To determine whether corrected cells that maintained haploid status, 2 of the homozygous corrected lines, A5 and A16, continued to be cultured, repeat FACS sorting using Hoechst dye was performed, and A5 displayed 31.94% haploids and A16 with 20.77% haploids in G1 of the cell cycle (Fig. 6a). Additionally, cells from each line were plated onto glass bottom dishes and underwent centromere staining. This method can also distinguish between haploid and diploid pluripotent stem cells [5] by quantifying the number of centromeres seen, with haploids displaying ~ 23 centromeres and diploids with ~ 46 centromeres. Due to centromere clustering, the number of centromeres is not a precise measure of chromosome number, but allows to distinguish ploidy. Both corrected cell lines showed a high percentage of haploid cells using confocal microscopy (Fig. 6c). The two cell lines were also sent for karyotype analysis, with results for each displaying a mixture of normal haploid karyotype (23X) as well as normal female diploid karyotype (Fig. 6b). For A5 clone, there were 11/20 cells (55%) with normal haploid karyotype, and for A16, there were 8/20 cells (40%) with a normal haploid karyotype. The time from sorting of haploid cells to karyotyping was 15 days. Therefore, the conversion rate of haploid to diploid cells was low, or ~ 5% per day.
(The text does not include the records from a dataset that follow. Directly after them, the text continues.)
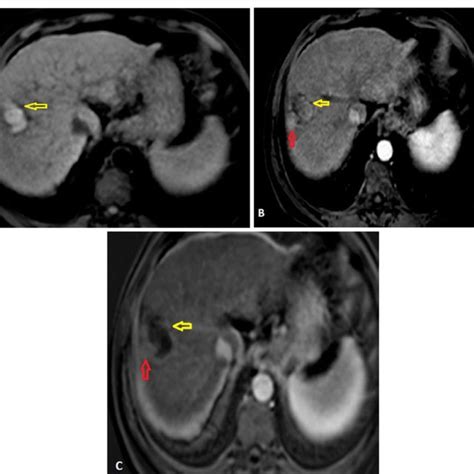 A 65 Year Old Male Patient With Liver Cirrhosis Underwent Download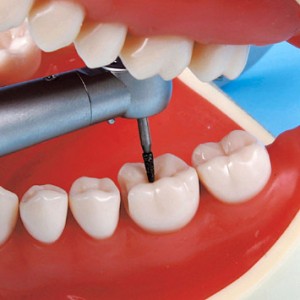 Treatment forms of Conservative Dentistry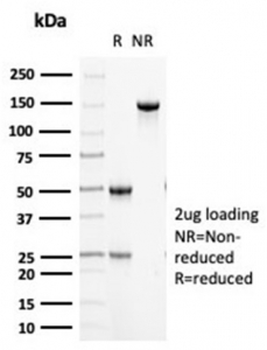Cytokeratin 5 Antibody / KRT5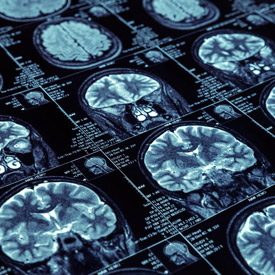Brain CT scans result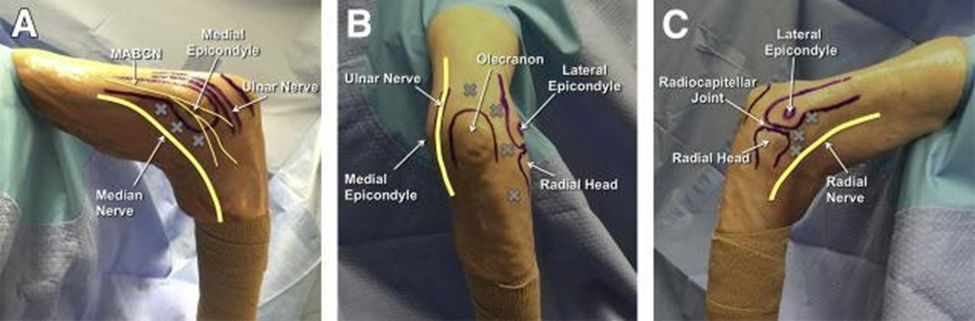 treatment-of-elbow-arthroscopy-diagram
Fig. 6 — Confirmation of persistent haploid cells in corrected cell lines A5 and A16. a FACS sorting results: P3 representing haploid peak. b Karyotype: normal haploid female karyotype. c Centromere staining with demonstrating haploid and diploid cells

Because CRISPR can sometimes result in off-target effects [24], three regions with the most homology to the gRNA were examined for CRISPR cutting. PCR was performed on DNA extracted from seven corrected clones, and each site was sequenced using Sanger sequencing. We found that there was no off-target effect for any of the three regions in each of the seven corrected clones. For corrected clone A5, no off-target effect for the three regions of interested is exemplified in Fig. 7 a–c.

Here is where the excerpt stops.